Nottinghamshire all-rounder Samit Patel says being back in the England set-up has made him more determined than ever to play Test cricket.
The 26-year-old returned to the one-day international side earlier this year after nearly three years in exile because of concerns about his fitness.
Ever-present on the recent one-day tour of India, he is desperate to be named in the squad to face Pakistan.
"I missed it massively," said Patel. "And I want to play Test cricket."
Patel has given himself a chance of playing in the longest form of the game with his efforts in a losing side in India as England were whitewashed 5-0.
He scored 160 runs at an average of 40 in the five one-day games - including an an unbeaten 70 from 48 balls in the third match in Mohali.
Despite only taking one wicket in the first four one-dayers, he took 3-57 with his left-arm spin in the final game in Kolkata before helping England win the Twenty20 international.
He is longing to prove he can make the transition to Test cricket, although his chances of facing Pakistan in the United Arab Emirates depend on which two or three spinners England name in the squad.
Patel's Notts team-mate Graeme Swann remains an automatic choice as number one spinner - but other options include Monty Panesar, and youngsters such as Scott Borthwick.

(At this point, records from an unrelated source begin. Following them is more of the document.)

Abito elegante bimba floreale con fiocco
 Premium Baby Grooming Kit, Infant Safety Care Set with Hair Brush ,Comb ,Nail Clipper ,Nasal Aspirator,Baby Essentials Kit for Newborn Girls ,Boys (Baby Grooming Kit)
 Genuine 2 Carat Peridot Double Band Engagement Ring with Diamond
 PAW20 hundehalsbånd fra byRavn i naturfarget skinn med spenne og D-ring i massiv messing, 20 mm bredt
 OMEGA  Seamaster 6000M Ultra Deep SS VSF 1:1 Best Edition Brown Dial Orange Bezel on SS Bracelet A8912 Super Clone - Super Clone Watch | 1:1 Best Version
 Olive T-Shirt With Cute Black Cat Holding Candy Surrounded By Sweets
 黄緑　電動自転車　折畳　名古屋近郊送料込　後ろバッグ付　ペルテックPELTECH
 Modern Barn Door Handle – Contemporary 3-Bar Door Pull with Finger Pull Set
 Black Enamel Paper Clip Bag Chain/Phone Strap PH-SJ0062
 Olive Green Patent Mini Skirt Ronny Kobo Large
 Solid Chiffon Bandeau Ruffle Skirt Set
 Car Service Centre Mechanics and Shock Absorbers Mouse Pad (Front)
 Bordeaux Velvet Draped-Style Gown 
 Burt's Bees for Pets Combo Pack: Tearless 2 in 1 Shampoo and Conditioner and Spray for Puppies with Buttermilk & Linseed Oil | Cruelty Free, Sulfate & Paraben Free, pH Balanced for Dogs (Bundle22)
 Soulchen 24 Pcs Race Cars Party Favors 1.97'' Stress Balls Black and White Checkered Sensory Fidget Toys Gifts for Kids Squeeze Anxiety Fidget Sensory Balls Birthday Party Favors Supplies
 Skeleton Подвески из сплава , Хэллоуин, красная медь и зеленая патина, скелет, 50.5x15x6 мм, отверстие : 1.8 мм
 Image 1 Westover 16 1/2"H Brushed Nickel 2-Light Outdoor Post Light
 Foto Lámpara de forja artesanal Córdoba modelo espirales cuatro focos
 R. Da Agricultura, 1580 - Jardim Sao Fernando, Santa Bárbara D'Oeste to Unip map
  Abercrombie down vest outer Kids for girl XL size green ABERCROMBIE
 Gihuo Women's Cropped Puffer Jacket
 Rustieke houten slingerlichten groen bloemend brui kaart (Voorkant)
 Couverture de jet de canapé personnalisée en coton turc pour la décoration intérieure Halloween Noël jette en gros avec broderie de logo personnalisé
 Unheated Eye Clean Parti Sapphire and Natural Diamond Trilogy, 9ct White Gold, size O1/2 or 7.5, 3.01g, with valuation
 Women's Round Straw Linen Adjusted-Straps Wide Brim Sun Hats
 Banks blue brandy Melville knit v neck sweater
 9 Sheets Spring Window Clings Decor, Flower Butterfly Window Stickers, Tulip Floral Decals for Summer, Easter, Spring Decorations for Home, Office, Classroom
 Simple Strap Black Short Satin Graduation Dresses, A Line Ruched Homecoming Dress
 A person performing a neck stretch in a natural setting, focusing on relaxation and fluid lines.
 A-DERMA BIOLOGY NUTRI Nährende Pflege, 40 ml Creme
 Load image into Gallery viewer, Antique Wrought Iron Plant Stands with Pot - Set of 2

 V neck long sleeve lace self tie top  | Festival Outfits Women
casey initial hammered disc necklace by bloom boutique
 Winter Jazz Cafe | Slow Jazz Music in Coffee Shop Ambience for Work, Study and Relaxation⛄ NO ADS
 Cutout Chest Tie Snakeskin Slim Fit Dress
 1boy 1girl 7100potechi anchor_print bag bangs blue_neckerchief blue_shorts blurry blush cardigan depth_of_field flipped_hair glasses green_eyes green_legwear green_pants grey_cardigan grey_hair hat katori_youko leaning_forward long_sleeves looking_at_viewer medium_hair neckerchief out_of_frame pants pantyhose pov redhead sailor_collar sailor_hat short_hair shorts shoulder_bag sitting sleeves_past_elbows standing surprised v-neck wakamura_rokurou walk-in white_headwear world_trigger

And the Leicester-born star believes his chances of playing instead of Swann are probably unrealistic.
Patel explained: "I have to get my team-mate out of the way first. I don't think I can do that so I will have to play behind him as a second spinner.
"I think me and Swanny go well together and if England need a second spinner, hopefully I can be the one to do the job.
"I missed three years of international cricket and that's probably my fault.
"I loved every minute of getting back in and wearing the Three Lions, you can't really ask any more.
"I'm very happy with the way I performed but there are no guarantees. We have to the trip to Abu Dhabi and Dubai and then the English summer, which is going to be massive as well."
Patel believes his previous time touring in the subcontinent helped him tremendously second time around.
"I learnt the first time I toured in 2008," he added.
"That was a big learning experience. Going there again you would try to adjust to conditions better, and thankfully that happened for me.
"Results wise we didn't play very well but I am sure there are a lot of players on that trip who will have learnt a lot and will come back better players.
"We would have loved to have done better. We went to win the series and we didn't do that but the commitment was never in doubt.
"We have to go back there next winter for a Test and a one-day trip and I'm sure we'll go back a better team.
"It's been a pleasing year [for me]. If I'd have won more silverware with Notts it would have been better but it's pleasing it finished like that and I've just got to keep it going.
"I have to let the cricket do the talking. The squad gets announced for the Pakistan series just after Christmas, so fingers crossed."